As a follow-up to a previous blog post on Ukraine I will now discuss it’s counterpart in the news, Russia. As mentioned earlier, Ukraine’s economy is in a lot of trouble. While Russia’s economy might seem more stable in some aspects, mostly due to the lack of transparency from the government to the public, they are in reality in a lot of trouble. They are in need of structural reforms that will take a long time to implement. In the first two weeks of 2015 the ruble, Russia’s currency, fell by 17.5% against the dollar. Much of this has to do with the oil industry and as oil is Russia’s main export and has declined to below $50/barrel while their original budget was calculated on $100/barrel which comes out to 3 trillion rubles or 45 billion dollars. This was 20% of the planned revenues according to Anton Siluanov, the finance minister. Additionally inflation is up into the double digits and this means that real incomes will decline for the first time since President Putin has been in office starting in 2000.

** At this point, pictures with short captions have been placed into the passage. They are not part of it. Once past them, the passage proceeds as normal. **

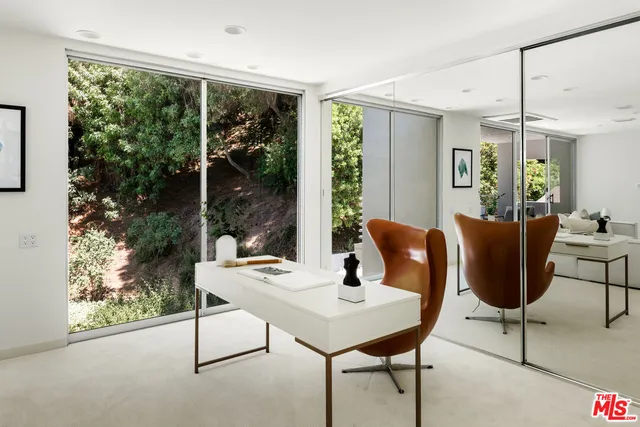 $9,995,000 | 811 North Hillcrest Road, Beverly Hills, CA 90210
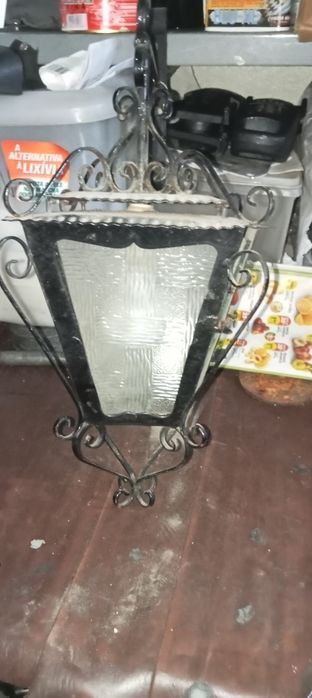 Candeeiro clássico para 9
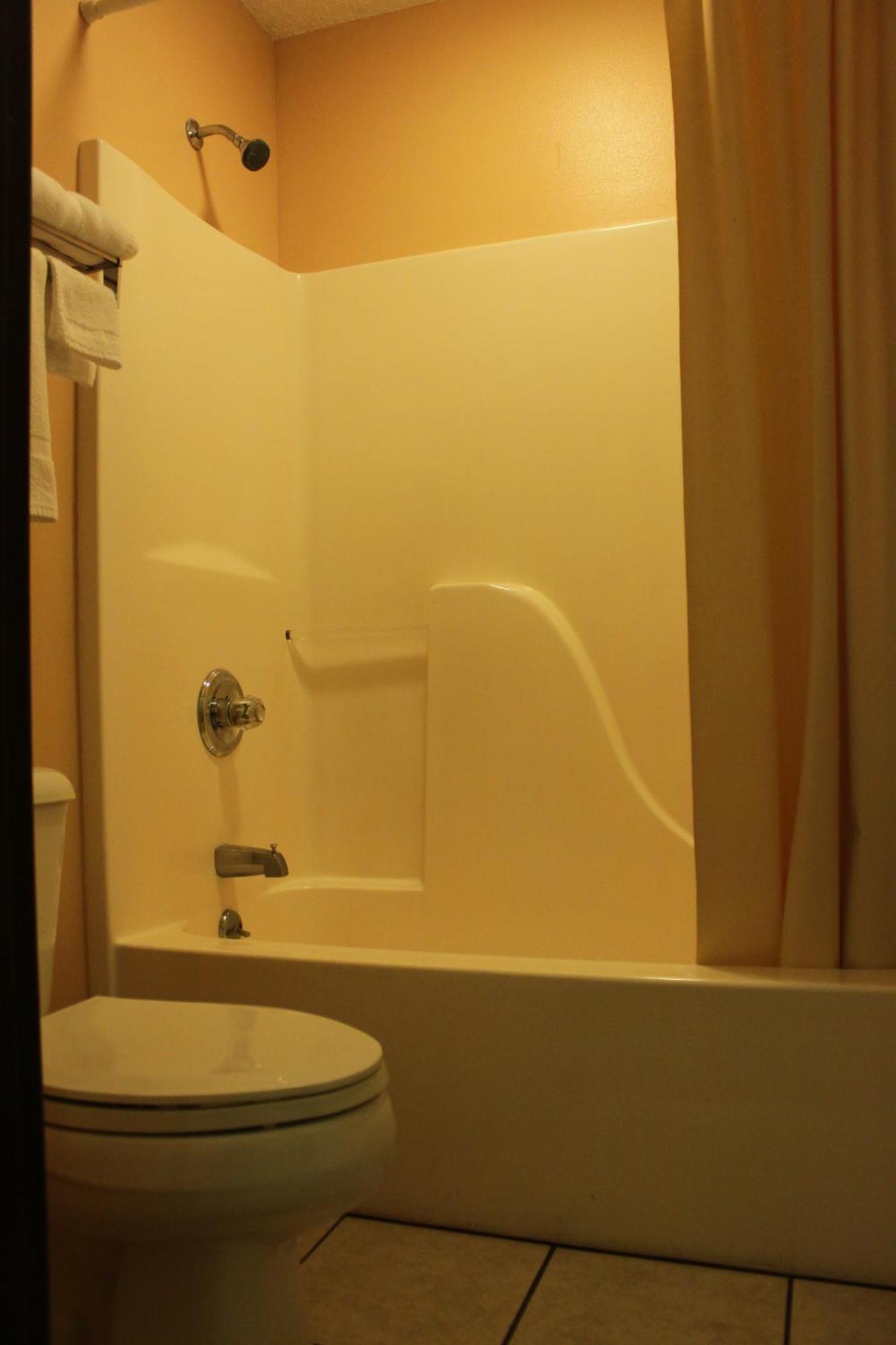 פיטסבורג Holiday Lodge מראה חיצוני תמונה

Looking at this decline in perspective in 2008-2009, generally a hard economic time, Russia’s GDP contracted by 7.5% and the government was able to come out the other end by stimulating demand by increasing public spending and bailing out struggling firms. They no longer have this luxury as their reserves have depleted significantly. Many believe that Russia has significant structural inefficiencies that need to be addressed although they are still fighting a war and do not necessarily have the resources to do so at this time. However, the corruption within the market has been shown to push out the most efficient companies and these inefficiencies need to be addressed before Russia can really start to gain confidence back in their economy.
What do you think Russia’s next move should be?